I'm hoping that there are only a dozen or so things the grammar is required to encapsulate. Special cultural references may or may not be practical. I suppose the Definitionary could capture some of these.

Incidentally, I'm not limiting HaikuTalk to one-to-one language translation. Once the document is encoded, it could be decoded in an language for which a Definitionary exists. A web page could be rendered into any of several languages, dynamically.

This section from PaulMorrison

I followed the Whorf link in Wikipedia (which I hadn't know about), and this led me to Dan Moonhawk Alford - this stuff may very well rekindle my passion for linguistics - I am thinking that we couldn't have done this kind of research before the Internet came of age! Actually Moonhawk's stuff seems to address your question "Is there a minimal grammar that everyone will understand?". In one of his papers, he talks about how the S --> NP + PredP? pattern breaks down in some of the N. American Indian languages: http://www.enformy.com/moonhawk-nurturing01.htm. However, if we restrict "everyone" to Indo-European speakers, we may have a more tractable problem. If we try to include, say, Chinese, that will be a bigger stretch, but maybe a special dialect of haiku-talk could be developed. Somewhere in my collection I have a translation of a story by Frederick Pohl from English to Chinese and back to English. Suffice it to say it's nearly incomprehensible, but that may be because of their habit of putting two (simple) words together to make, say, abstract concepts. However, the good news is that Chinese tends to be SVO (subject - verb - object), like most Indo-European languages. It also has no grammar to speak of - it's all syntax - so actually your sample sentences might translate quite well into Chinese.

The examples you give make me think of the phenomenon of pidgins - it used to be thought that pidgins would magically evolve into complete languages, usually referred to as creoles. It is now thought that the best known creoles (e.g. Haitian) are basically West African syntax with French-drived vocabulary - see about the second half of http://www.c2.com/cgi/wiki?CreoleLanguage. So the analogy with pidgins is more apt - the classical pidgin evolved in China, combining English words with Chinese syntax, so it's quite a good match with what you are trying to do, I think. There is a good source for stuff about pidgins at http://en.wikipedia.org/wiki/Pidgin. Interestingly, I did a search for "pidgin" in the c2 wiki, and found some interesting discussions: http://www.c2.com/cgi/wiki?CulturallyNeutralLanguage, http://www.c2.com/cgi/wiki?ModifiersBeforeOrAfterNouns, and http://www.c2.com/cgi/wiki?SignLanguage, among others, all of which seem to nibble around the area you are interested in!

All this reinforces my experience that humans have a hard time switching syntaxes but an easy time learning new vocabularies.
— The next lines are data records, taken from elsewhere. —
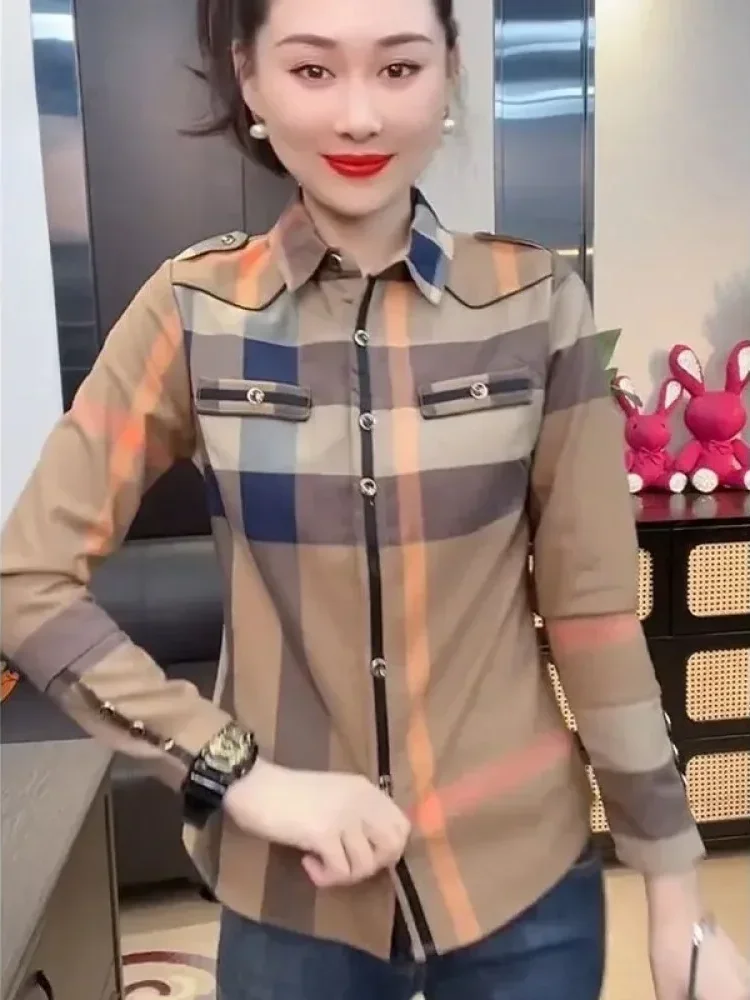 FADFAD Atasan kemeja berkerah polo lengan panjang dan motif kotak kotak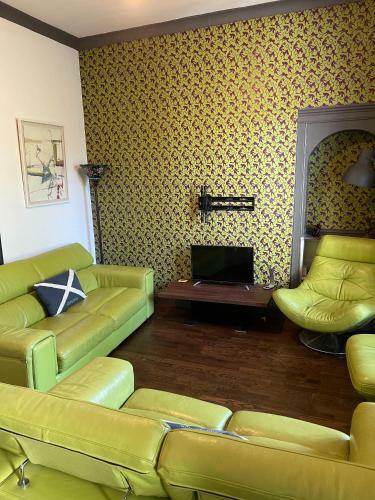 Impeccable 2-bed Apartment In West Kilbride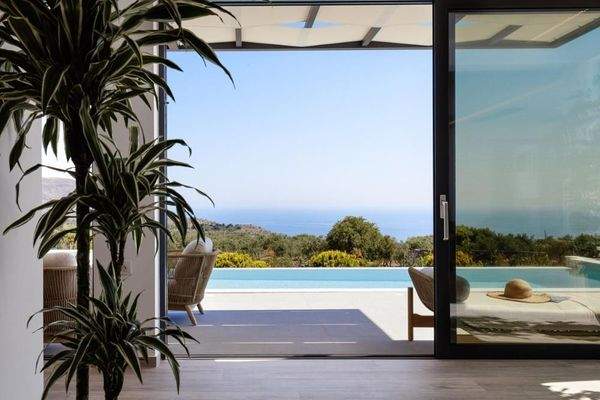 Kreta, Kefalas: Erstaunliche Steinvilla mit Meerblick und Pool zu verkaufen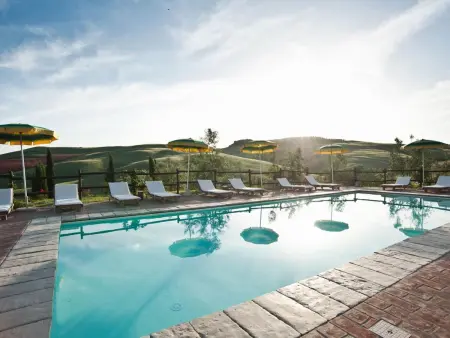 Location appartement à Volterra, Rosa mit Pool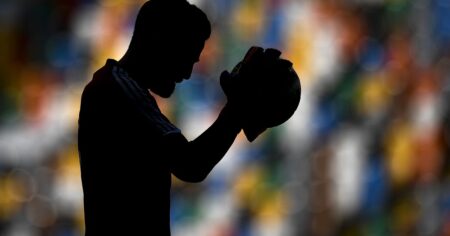 Il y a 0 joueur gay éliminé à la Coupe du monde masculine.  Il y avait 40 femmes en 2019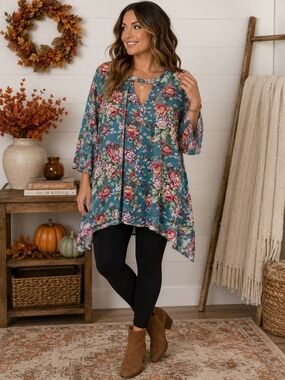 Umgee Size Medium Teal Floral Boho Bell Sleeve Hi Low Tunic Top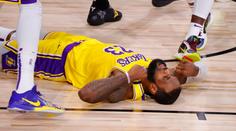 Davis blokoval, LeBron střílel, Lakers už jsou jedno vítězství od titulu!
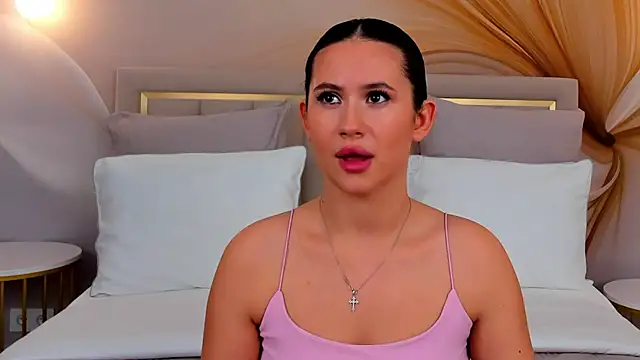 Snapshot of milaleoneli chatting on September 14, 2025, 3:11 pm milaleoneli online show from September 14, 2025, 3:11 pm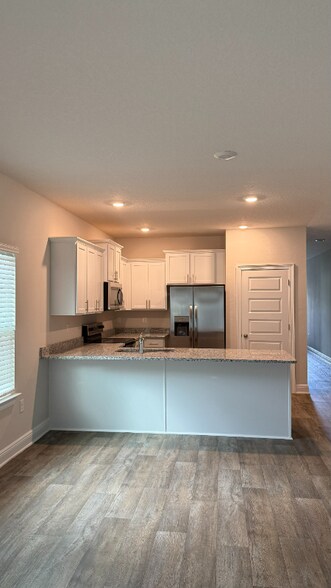 Building Photo - 13792 Shea Cir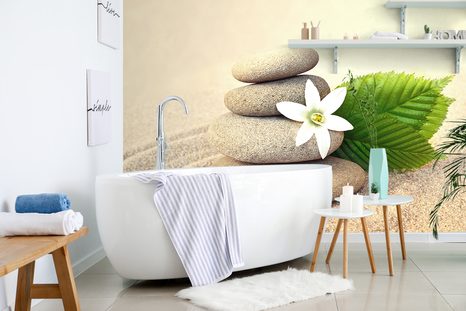 FOTOTAPETA BÍLÝ KVĚT A KAMENY V PÍSKU - TAPETY FENG SHUI - TAPETY
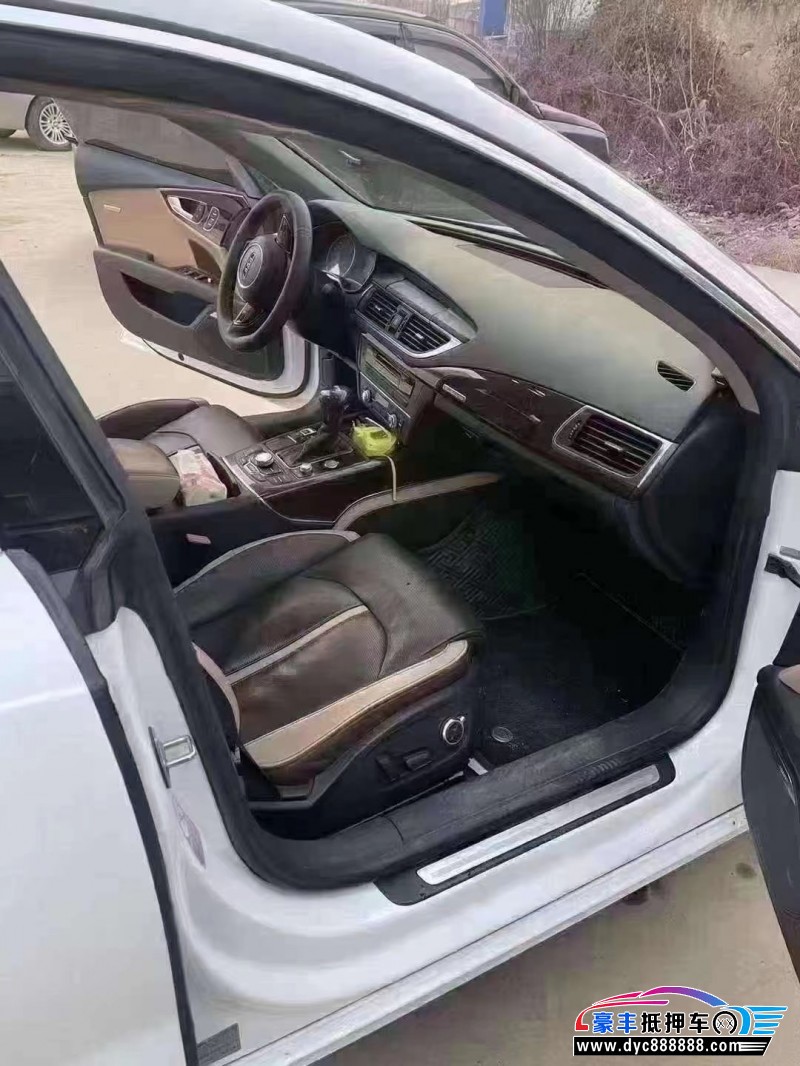 16年奥迪A7轿车抵押车出售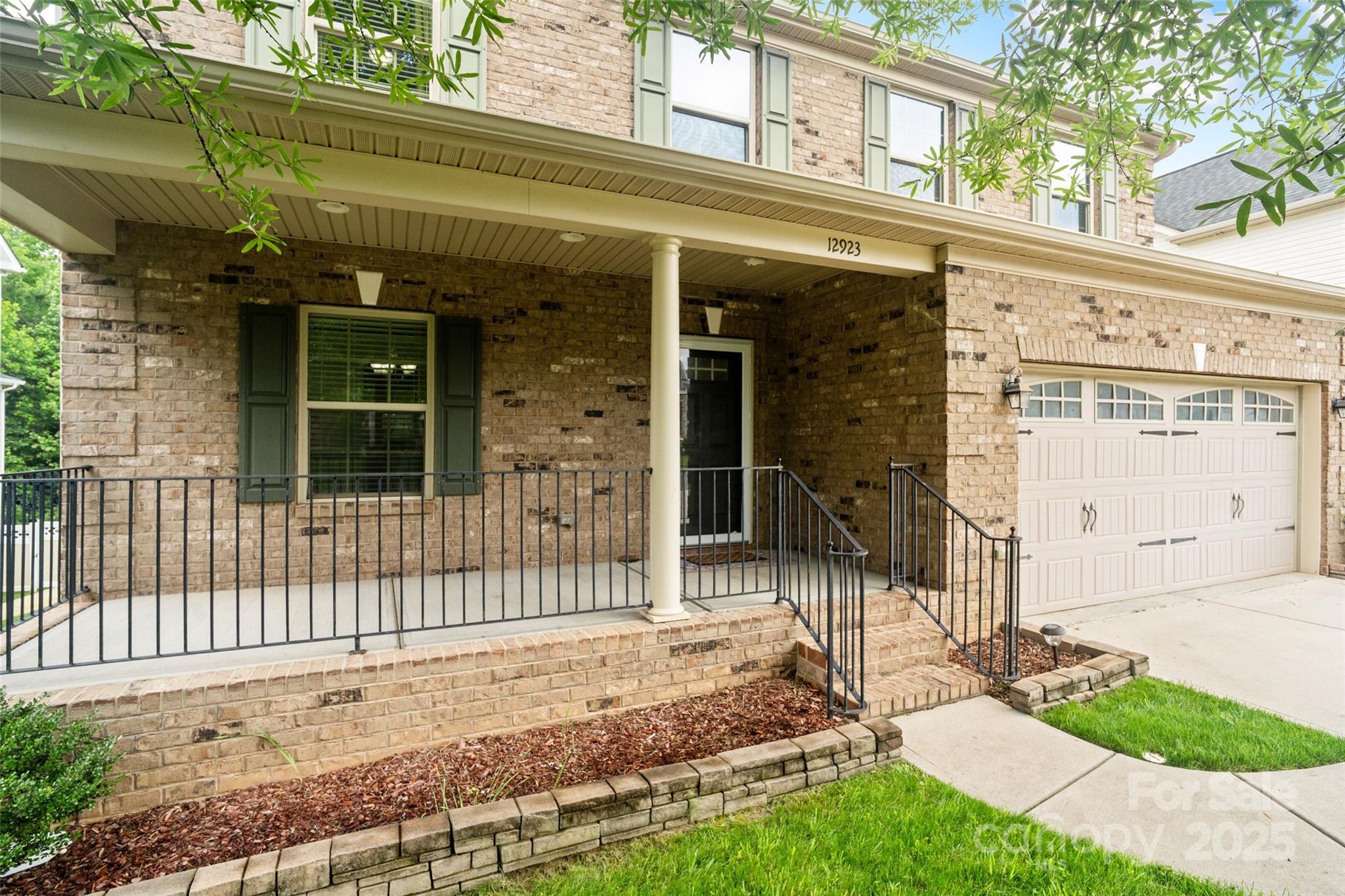 12923 Plumleaf Drive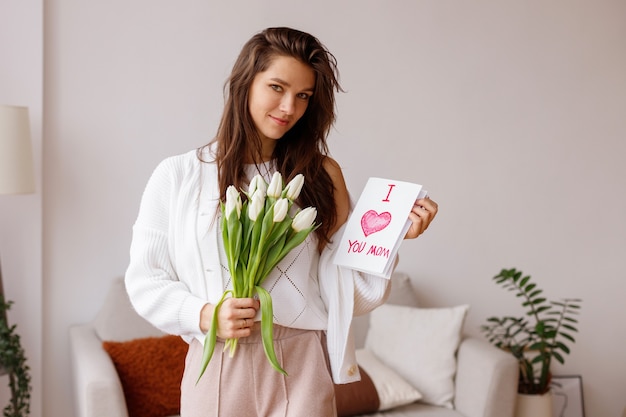 Maman a reçu une carte-cadeau et un bouquet de tulipes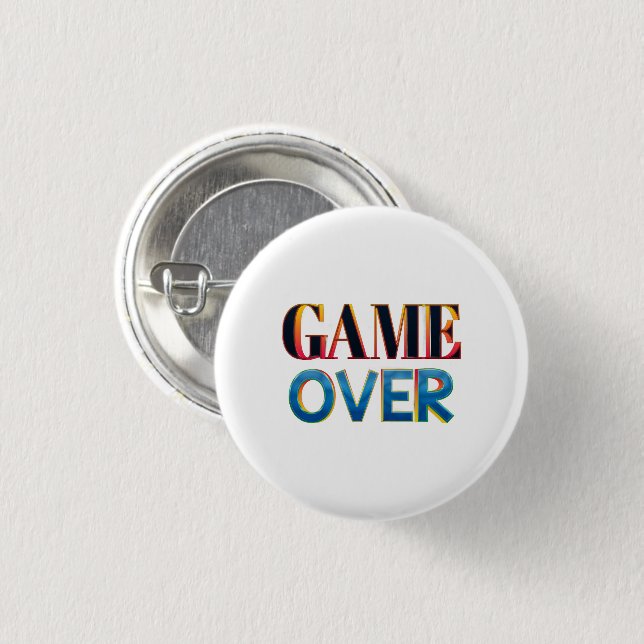 En vit cirkulär nål med orden "GAME OVER"  (Framsida & baksida)
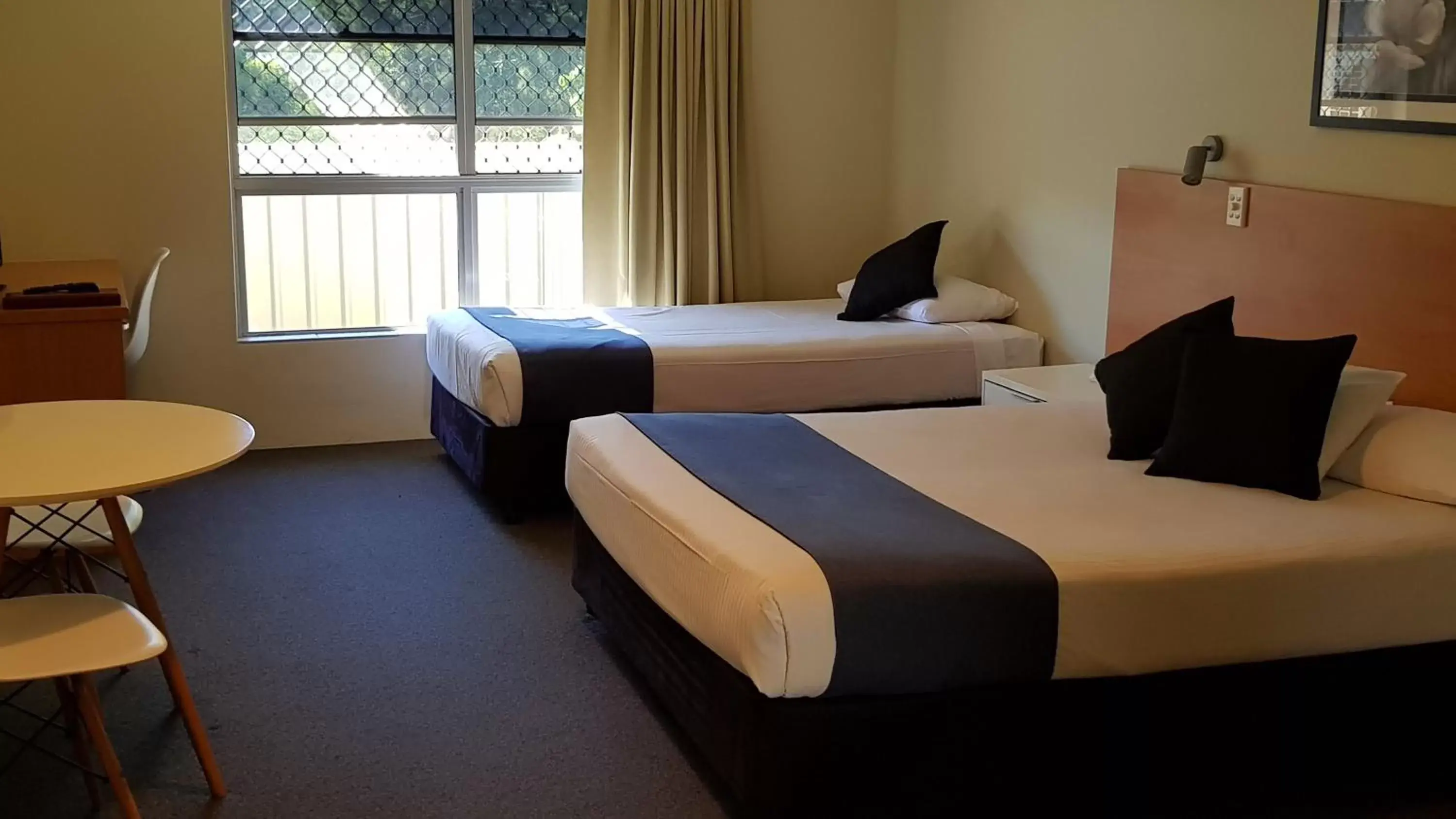 Bedroom, Bed in Nambour Heights Motel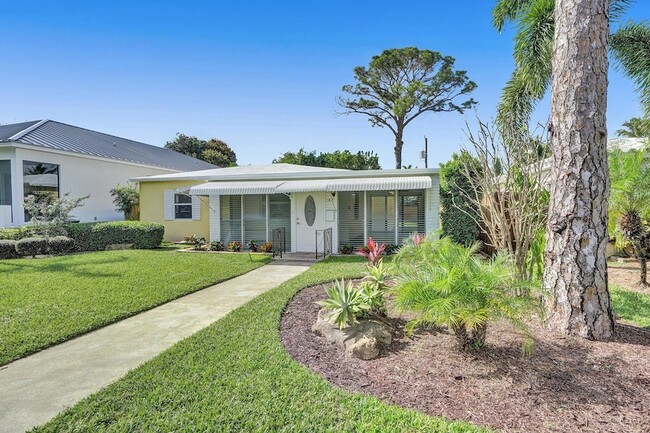 Building Photo - 1617 NE 17th Terrace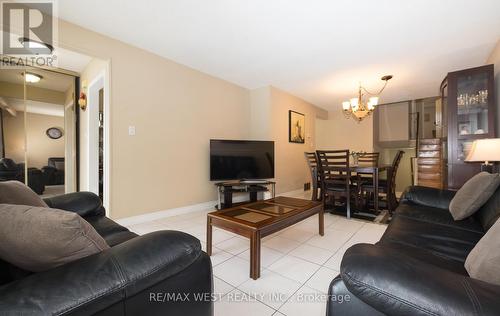 7812 Kittridge Drive, Mississauga, ON - Indoor Photo Showing Living Room
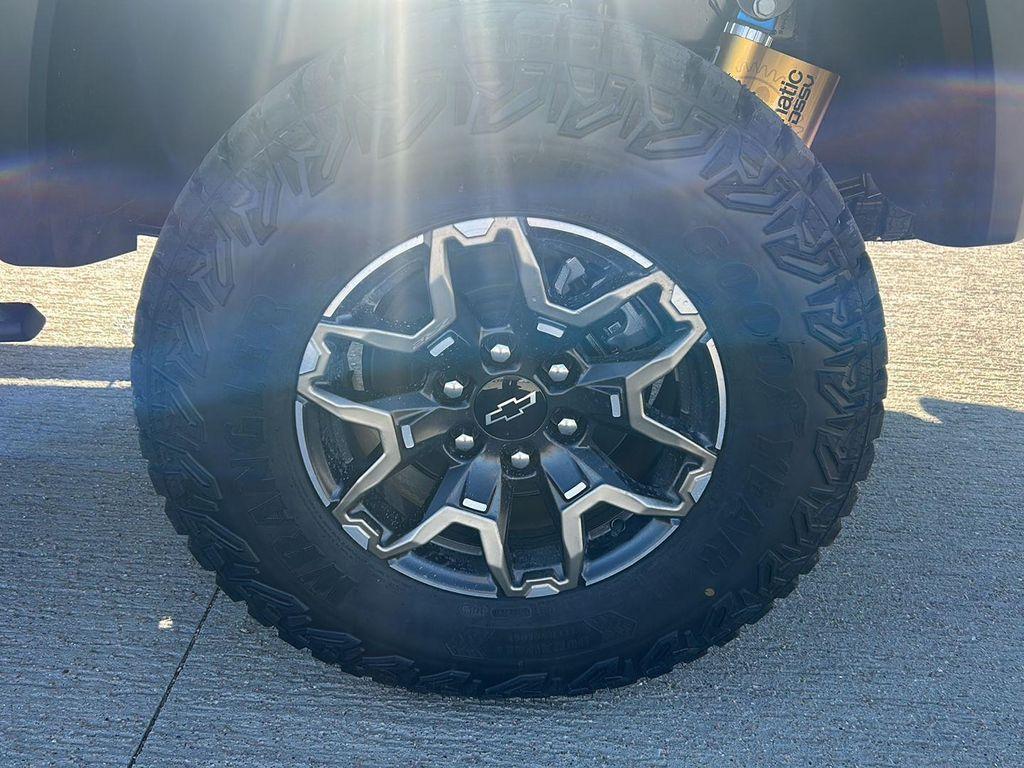 new 2026 Chevrolet Colorado car, priced at $52,170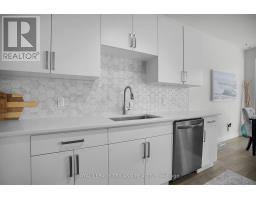 39 - 3380 SINGLETON AVENUE - 14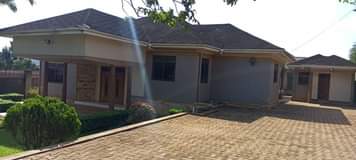 A picture of Large Family House located in Jomayi NALUMUNYE 4 bedrooms 3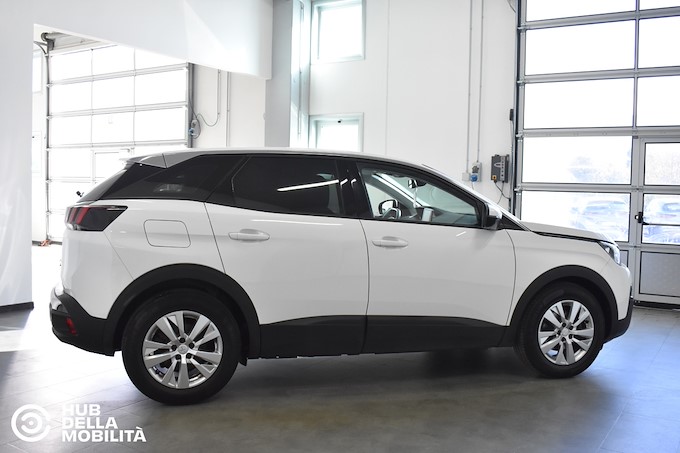 PEUGEOT 3008 BlueHDi 130 S&S EAT8 Business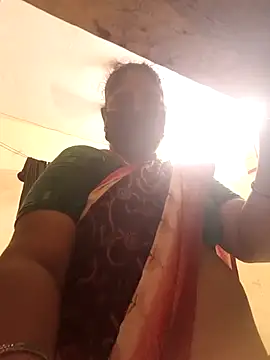 Snapshot of Villageanuty chatting on October 2025 10:29:01 AM Villageanuty online show from October 2025 10:29:01 AM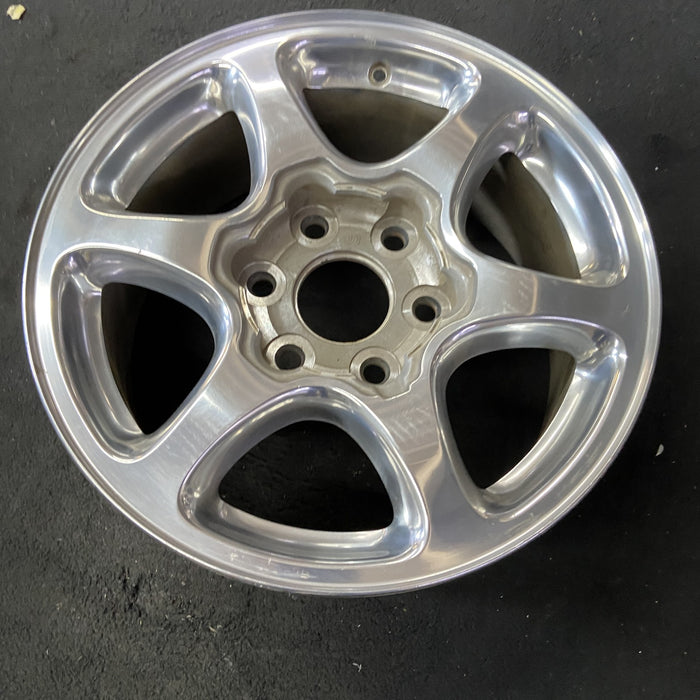 17" SIERRA 1500 PICKUP 01 17x7.5 , fully polished Original OEM Wheel Rim - Close-Up Detail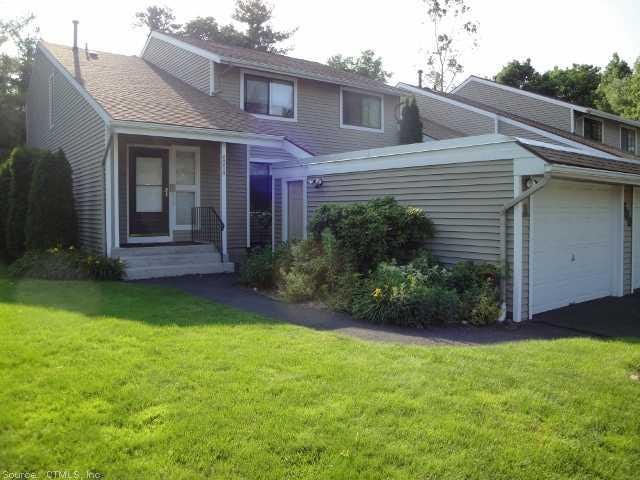 600 Mountain Rd unit A, West Hartford, CT 06117 - photo 1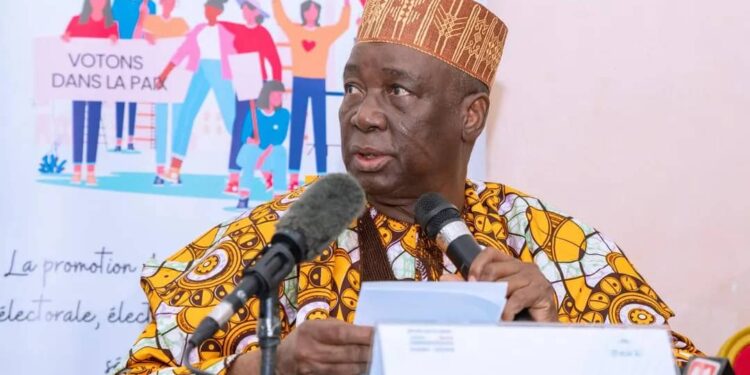 Céna : le calendrier électoral des législatives et communales enfin publié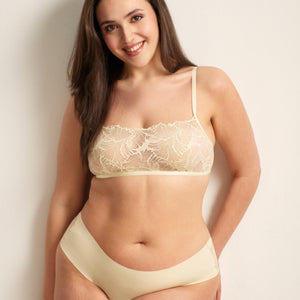 ooia Menstruationsunterwäsche im Set: luxuriöse Spitze aus Italien, schadstofffrei und ultra bequem.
I have been speaking French at a certain level since I was 8, and I still can't remember which adjectives go in front of the noun and which go after - which is what http://www.c2.com/cgi/wiki?ModifiersBeforeOrAfterNouns is about! It might be interesting if you can figure out a way to avoid syntax altogether! E.g.

Can you guide several tours of forests?

becomes something like

[Interrogative] able you [plural] tour [more than one] [place relation] forest [more than one] [interrogative].

Please list art for sale.

[Polite request to ...] {present for human consumption} artwork [more than one] [using attribute] {available for purchase}.

Just wool-gathering :-)

You might be interested in looking at my genealogical tree - it's on http://www.jpaulmorrison.com/cgi-bin/geneweb?b=rodkers - the software supports 26 languages - just click on one of the flags to change languages. This software was written by a chap in France and supports a (small) set of words and phrases - mostly he is substituting whole sentences, on the one hand, or individual words on the other, but within this limitation I think he has done an amazing job! Or maybe this is the trick that lets him avoid the pitfalls of syntax!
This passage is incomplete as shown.